Financial crisis for the U.S.’s biggest coal companies is worsening.
A federal law, passed in 1977, requires coal companies to clean up mining sites when they’re shut down. But it looks that companies will not be able to fulfill their obligations to rehabilitate vast strip mines in Western states – many of which are on federally owned property – as well as mountaintop-removal mining sites in the East, Press Herald reported.
There are many reasons for the poor financial health of coal companies, including cheap natural gas and declining U.S. and Chinese demand for coal.
Layoffs of Coal Miners
Arch Coal is laying off 243 workers, representing 15% of its workforce, at the Black Thunder Mine, which is the largest coal mine in the country.
Citing weak market conditions, Peabody Energy decided to lay off 235 employees from the North Antelope Rochelle Mine, the second largest coal mine.

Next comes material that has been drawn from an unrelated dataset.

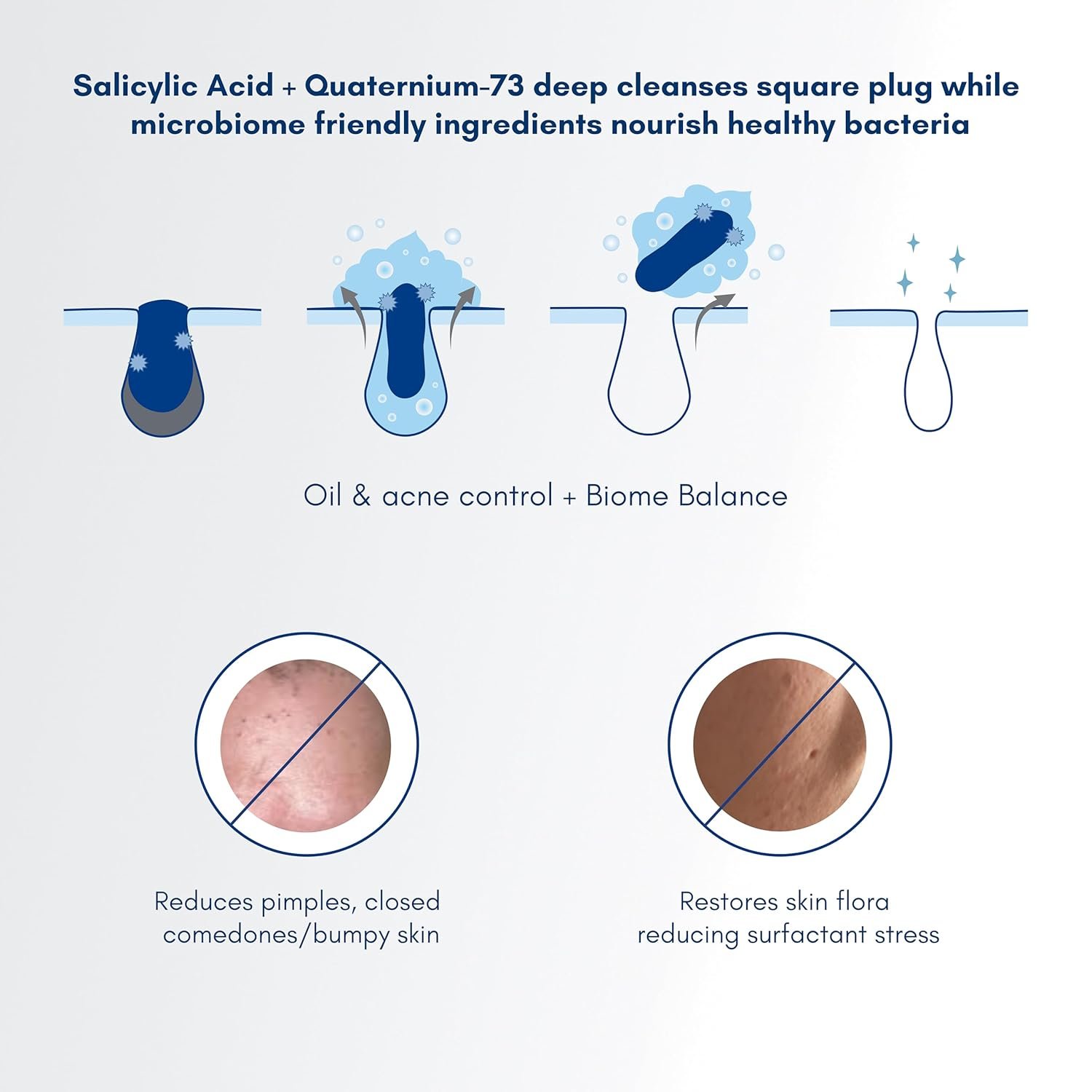 Becalm Daily Salicylic Acid Face Wash for Oily & Acne Prone Skin | Airy face wash for Men & Women | Soap & Sulphate free | Microbiome friendly | With Quaternium - 73 & Prebiotic | No fragran thumbnail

Assistance For Laid Off Workers
On Friday, Wyoming Governor Matt Mead announced temporary assistance for people affected by the mass lay off of coal miners, MTN News reported.
The Wyoming Department of Workforce Services, the Department of Insurance, the Wyoming Community College Commission and the state Business Council have been directed to open temporary community resource centers for those affected by the layoffs.
The resource centers in Casper, Gillette, and Douglas will be staffed with experts from Friday until at least April 4, according to a press release.
The centers will offer services including information on unemployment insurance, job opportunities, job training, and health insurance. Counseling services will be offered from 10 a.m. to 7 p.m.
The centers will also offer resources such as computers, resume guidance, and training.